Other novels I have read recently can be accused of the same flaw. The Great God Pan, Lady Audley's Secret, and She: A History of Adventure all involve a lot of sexuality (if not actual sex), a lot of coincidence, and a real penchant for sensationalism. In that case, who am I to say that the intense-yet-chaste nature of Adeline and Theodore's relationship has more literary merit than the similar relationship between Edward and Bella?

Well, the simple answer is that I'm an English student. This means that while I am not the most educated person on the face of the planet, and while I have a profound lack of knowledge of literary criticism that I blame squarely on my American education, I can recognize literary theme, sociological contexts, and moral, spiritual and social issues in texts.
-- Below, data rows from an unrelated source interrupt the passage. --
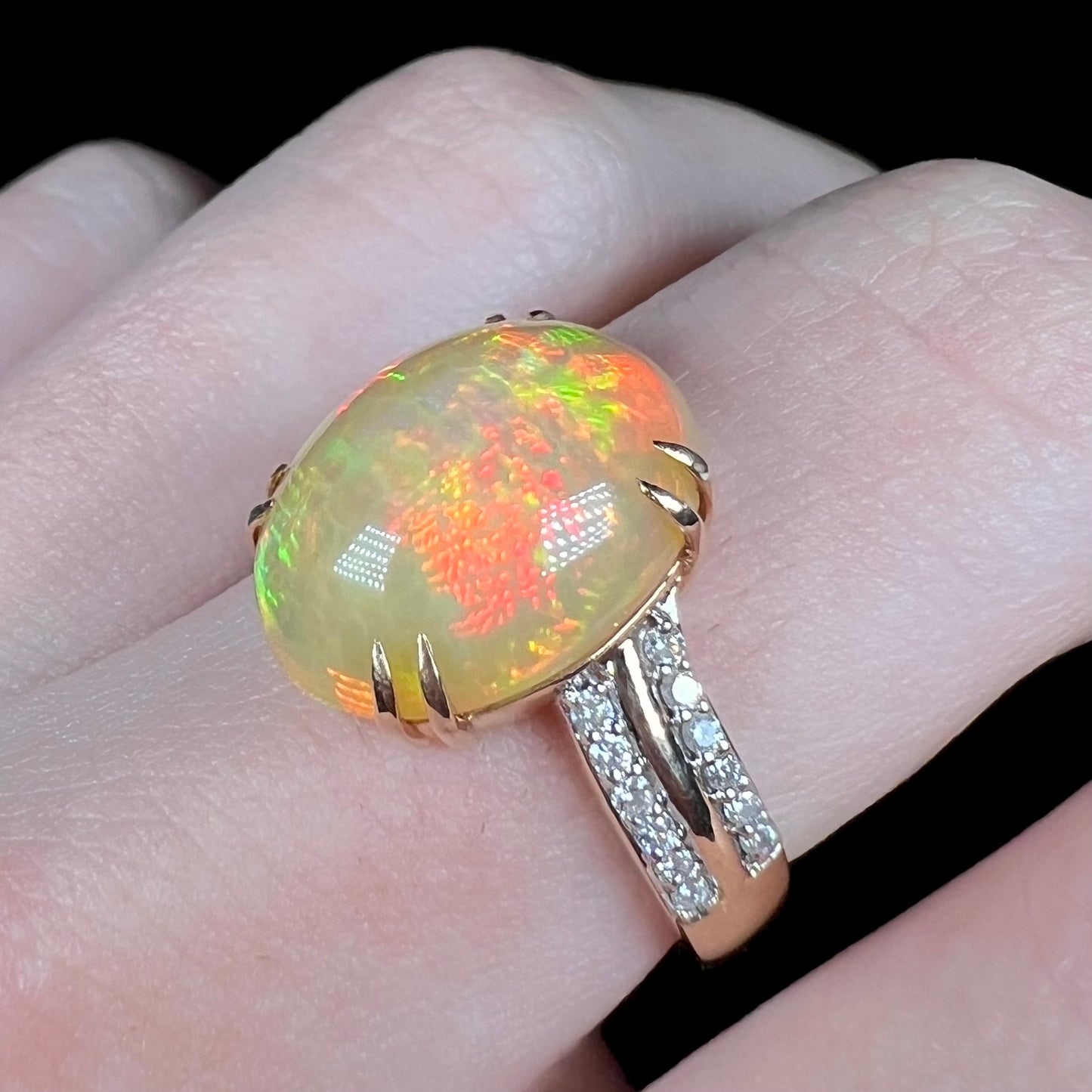 Angled close-up of women's 14k gold fire opal and diamond ring worn on finger.  Opal has bright red and green flashes of color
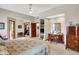 Bright main bedroom with plush carpet, closet and ensuite bath at 1852 Lakeside Ln, Indianapolis, IN 46229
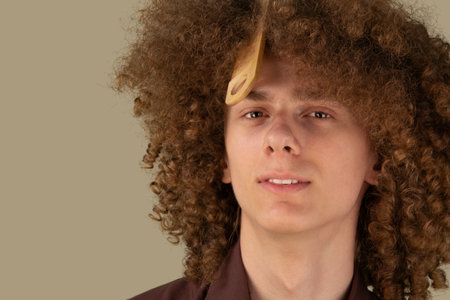 Closeup photo of curly young guy. Smiling curly haired young man with brush in his hair, studio shot.の写真素材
This also means that I can tell you that The Romance of the Forest has stood up to criticism for almost two centuries now. Critics have ripped this book and its genre to shreds, and have found layers upon layers of intention and meaning and issues that I simply don't have time or room to go into in full.

You could make a living off of the portrayal of women in Radcliffe's novels (including the fact that Radcliffe clearly knew that most women hate women they feel threatened by in some way, which explains why Adeline's foster-mother hates her because Adeline is prettier than she is, but Adeline can easily make friends with Theodore's pretty sister). Radcliffe was also aware of the tension between the supernatural and the rational, which she dramatizes by using seemingly supernatural events to create suspense and interest, but also ultimately explaining them away with rational (though pretty contrived) conclusions. This novel is a representation of the battle between pre- and post-Enlightenment thought, in which Enlightenment is the victor.
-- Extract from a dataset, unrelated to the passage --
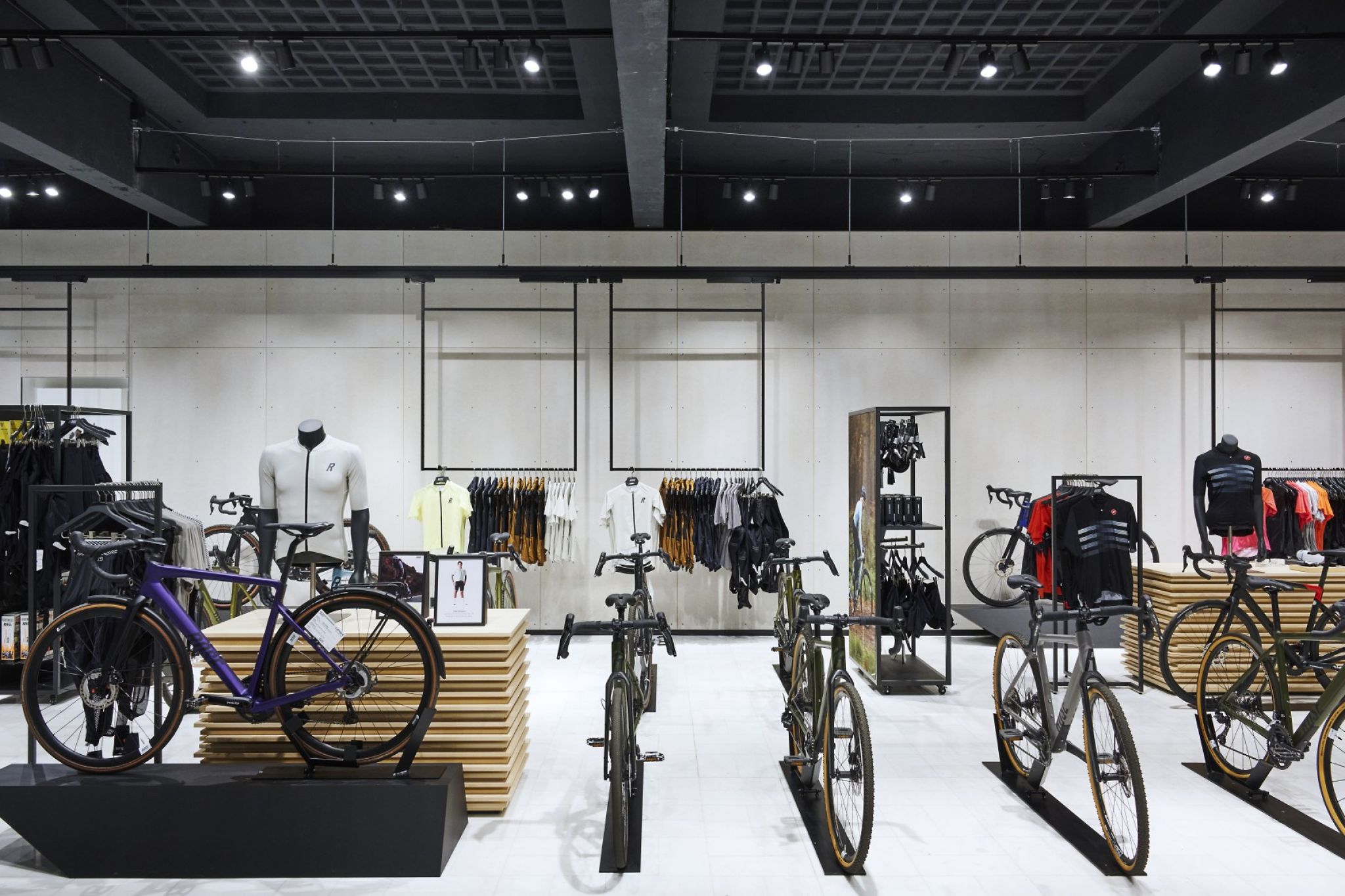 A bright bike store space with bicycles and merchandise racks including merchandise.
It also shows a continuing British nationalism, in that Radcliffe set the story in France, a crazy place where crazy things will happen that could never occur in Britain. The importance of social order is another major theme -- it's shown later that the Marquis gained his title through murdering the rightful heir, an act for which later he is severely punished, and everyone is eventually returned to their rightful social standings and marry people of the correct class. The few working-class characters are mostly evil, and mostly die.

But what can you say about Twilight or other books of its ilk?

Well, teenagers yearn for love/sex but may be scared of it, hence the fact that Bella does not have a single romantic choice that involves her not falling in love with a potentially dangerous supernatural being. Teenagers are still children enough to love the fantastic, but adult enough to be interested in more mature themes. And the covers are nice, if nothing else.

On a more personal note, Stephanie Meyer seems to believe that women should fear men, or she is at least is at least informed by one conservative Christian view that men are raging sex beasts who lose rationality in the hunt for someone to mate with. Bella's choices seem to be a wolf-man and a blood-sucker, not rational beings by any means, and certainly connected with images of violence and consumption. Not exactly a positive view -- and take a look at one of the creepiest movie posters I've seen, with Mr. Dashing Vampire hovering over Miss Helpless and Submissive Female like a barely modified incubus. The Nightmare, anyone?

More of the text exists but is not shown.